以上のように構成された第1トルクセンサ421は、図6に示すように、第1電圧V1及び第2電圧V2が、最大電圧VHiと最小電圧VLoとの間で変化するように出力する。
図6の実線で示すように、第1電圧V1は、操舵トルクTの右方向への大きさが増加(トーションバー112の右方向への回転量が増加)するのに伴って上昇する。他方、図6の破線で示すように、第2電圧V2は、第1電圧V1と相反し、操舵トルクTの右方向への大きさが増加するのに伴って低下する。
そして、中点では第1電圧V1と第2電圧V2とが等しい電圧(以下、「中点電圧Vc」と称する場合がある)となるように構成されている。中点電圧Vcは、例えば、最大電圧VHiと最小電圧VLoの中間の電圧(Vc=(VHi+VLo)/2)である。
さらに、操舵トルクTの変化に対する第1電圧V1の変化の割合と第2電圧V2の変化の割合(絶対値)は等しく、同じ操舵トルクTを示す第1電圧V1と第2電圧V2を合計した合計電圧が常に予め定められた所定電圧(2Vc)となる。

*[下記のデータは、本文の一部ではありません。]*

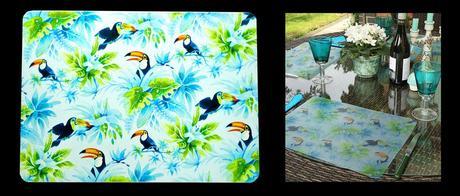 Toucan plastic Placemats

図7は、第1トルクセンサ421の故障検出範囲を示す図である。
第1トルクセンサ421の回路などに固着故障が発生すると、第1電圧V1又は第2電圧V2が、出力上限値や出力下限値に固着する。また、第1トルクセンサ421に信号異常故障が発生すると、第1電圧V1、第2電圧V2が正常値とは異なる電圧で変化する。

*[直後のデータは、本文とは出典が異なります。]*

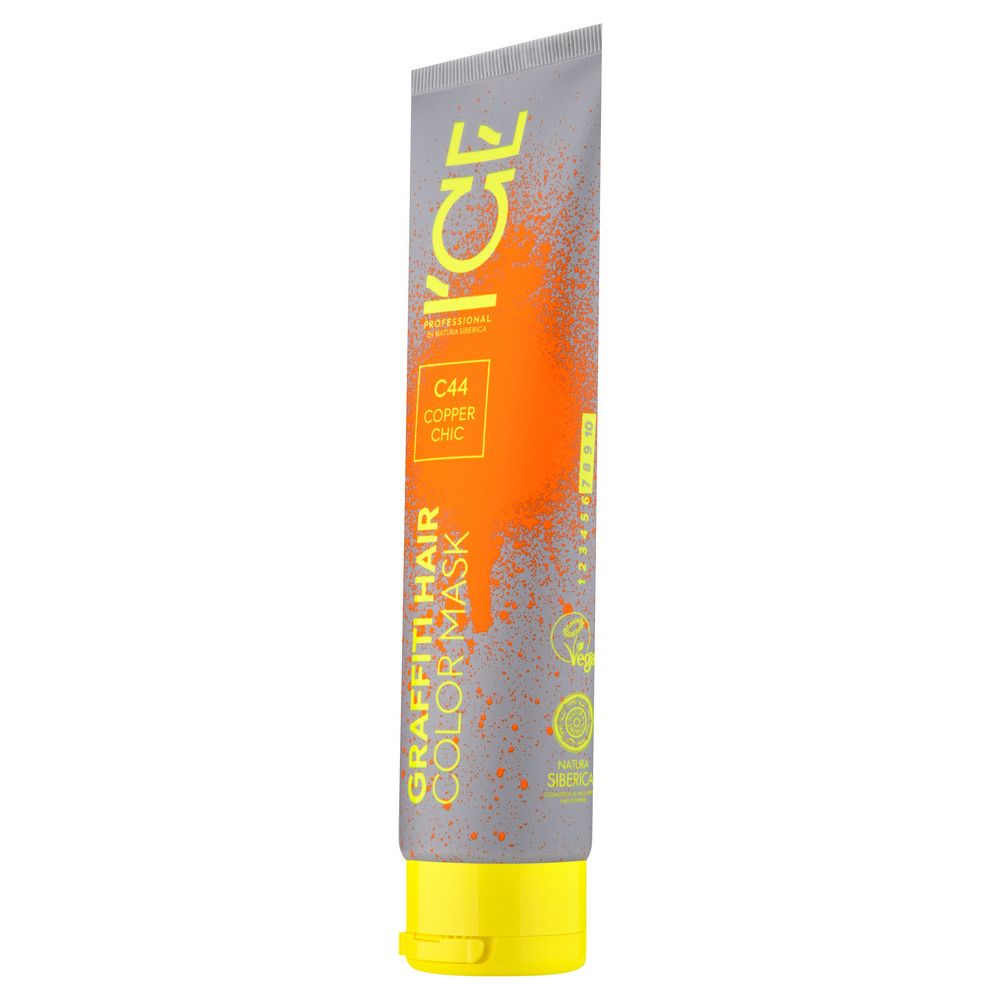 Тонирующая маска для волос ICE by Natura Siberica COLOR MASK Copper Chic, 140 мл х 10шт.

第1トルクセンサ421が正常に作動している場合、第1電圧V1と第2電圧V2とを合計した合計電圧Vtは、常に所定電圧(VHi+VLo)になる(図7の実線参照)。
第1故障診断部431は、第1電圧V1と第2電圧V2とを合計した合計電圧Vtが、所定電圧(VHi+VLo)を中心とする所定範囲内から外れた場合に、第1トルクセンサ421に故障が発生したと判断する。所定範囲は、図7に示すように、所定電圧(VHi+VLo)より低い下限基準値VL以上であって、所定電圧(VHi+VLo)より高い上限基準値VH以下の領域であることを例示することができる。
第1故障診断部431は、第1トルクセンサ421に故障が発生していると判定した場合には、制御装置10に対してその旨の信号を出力する。
同様に、第2故障診断部432は、第2トルクセンサ422に故障が発生していると判定した場合には、制御装置10に対してその旨の信号を出力する。
このように、センサユニット400は、第1トルクセンサ421、第2トルクセンサ422の故障を自ら検出することが可能な自己検出機能付きのセンサである。
第1変換部441は、第1電圧V1を操舵トルクTに応じた信号である第1トルク信号Td1に変換するとともに、変換した第1トルク信号Td1を、制御装置10に出力する。
第2変換部442は、第2電圧V2を操舵トルクTに応じた信号である第2トルク信号Td2に変換するとともに、変換した第2トルク信号Td2を、制御装置10に出力する。
<センサ故障検出部>
センサ故障検出部27は、トルク検出装置109の第1故障診断部431から第1トルクセンサ421に故障が発生した旨の信号を取得した場合、及び第2故障診断部432から第2トルクセンサ422に故障が発生した旨の信号を取得した場合には、トルク検出装置109に故障が発生したと判定する。また、センサ故障検出部27は、第1変換部441から取得した第1トルク信号Td1の値と第2変換部442から取得した第2トルク信号Td2の値との差が所定値を超えている場合にはトルク検出装置109に故障が発生したと判定する。
そして、センサ故障検出部27は、トルク検出装置109に故障が発生したと判定した場合には、故障した旨を、位相補償部26、センサ故障時電流決定部28、最終目標電流決定部29に出力する。
<センサ故障時電流決定部>
図8は、センサ故障時電流決定部28の概略構成図である。
センサ故障時電流決定部28は、操舵角算出部73にて算出された操舵角θsである算出操舵角θscに基づいて後述する制御マップに代入するための操舵角である代入操舵角θseを算出する代入操舵角算出部281を備えている。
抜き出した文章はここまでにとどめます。